§ Data

######

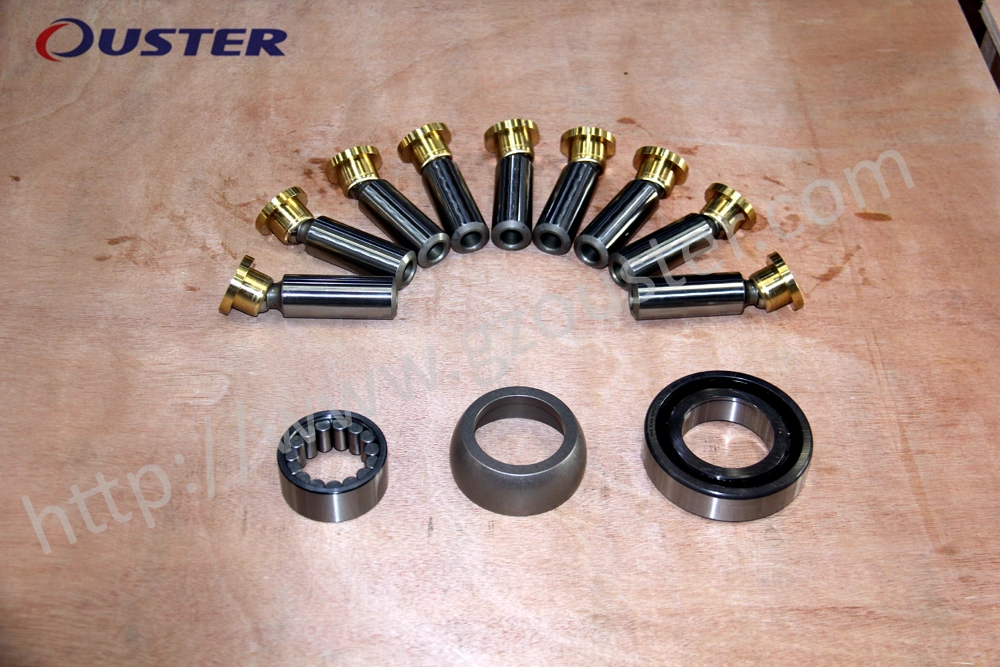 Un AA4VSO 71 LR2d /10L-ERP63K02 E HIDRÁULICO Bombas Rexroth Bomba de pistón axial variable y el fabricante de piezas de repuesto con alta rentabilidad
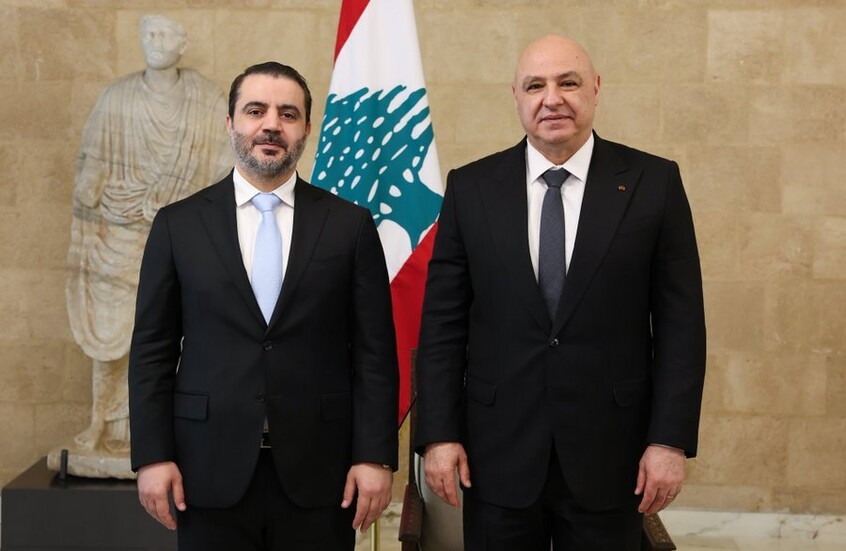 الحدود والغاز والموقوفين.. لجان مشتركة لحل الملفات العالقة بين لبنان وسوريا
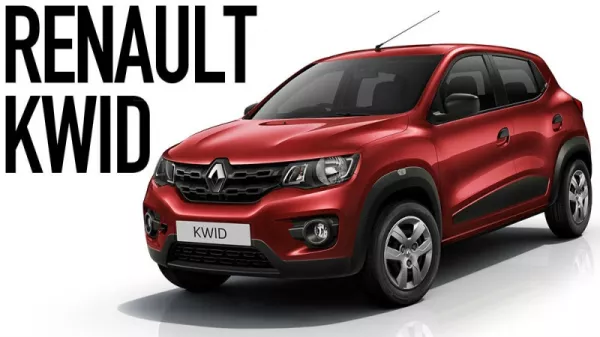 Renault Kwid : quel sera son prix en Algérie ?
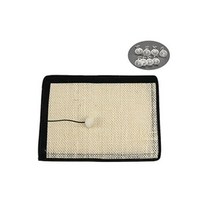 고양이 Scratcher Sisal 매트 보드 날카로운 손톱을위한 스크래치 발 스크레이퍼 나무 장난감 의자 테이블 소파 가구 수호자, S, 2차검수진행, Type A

######

§ Goal of the exercise
Exactly as written, repeat the lines of the material above from the first through the line holding "Renault Kwid : quel", with both ends in the copy and no pictures.

§ Written answer
 Un AA4VSO 71 LR2d /10L-ERP63K02 E HIDRÁULICO Bombas Rexroth Bomba de pistón axial variable y el fabricante de piezas de repuesto con alta rentabilidad
 الحدود والغاز والموقوفين.. لجان مشتركة لحل الملفات العالقة بين لبنان وسوريا
 Renault Kwid : quel sera son prix en Algérie ?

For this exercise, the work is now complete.